» **Task brief**: Which lines belong in the answer? Exactly those from the line containing "6x36 Galvanized Steel" through the last line of the records below, repeated as written.

··· Recorded information

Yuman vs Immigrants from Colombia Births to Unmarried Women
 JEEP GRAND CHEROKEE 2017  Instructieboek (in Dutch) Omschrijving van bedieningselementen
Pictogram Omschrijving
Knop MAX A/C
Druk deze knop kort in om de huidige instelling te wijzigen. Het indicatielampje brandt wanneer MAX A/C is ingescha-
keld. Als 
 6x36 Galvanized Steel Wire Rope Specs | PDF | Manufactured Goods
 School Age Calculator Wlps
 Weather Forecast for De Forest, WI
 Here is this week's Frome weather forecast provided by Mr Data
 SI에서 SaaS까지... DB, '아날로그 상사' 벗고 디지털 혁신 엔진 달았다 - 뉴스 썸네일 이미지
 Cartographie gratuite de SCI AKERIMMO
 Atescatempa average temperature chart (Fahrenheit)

······

» **Response area**:
 6x36 Galvanized Steel Wire Rope Specs | PDF | Manufactured Goods
 School Age Calculator Wlps
 Weather Forecast for De Forest, WI
 Here is this week's Frome weather forecast provided by Mr Data
 SI에서 SaaS까지... DB, '아날로그 상사' 벗고 디지털 혁신 엔진 달았다 - 뉴스 썸네일 이미지
 Cartographie gratuite de SCI AKERIMMO
 Atescatempa average temperature chart (Fahrenheit)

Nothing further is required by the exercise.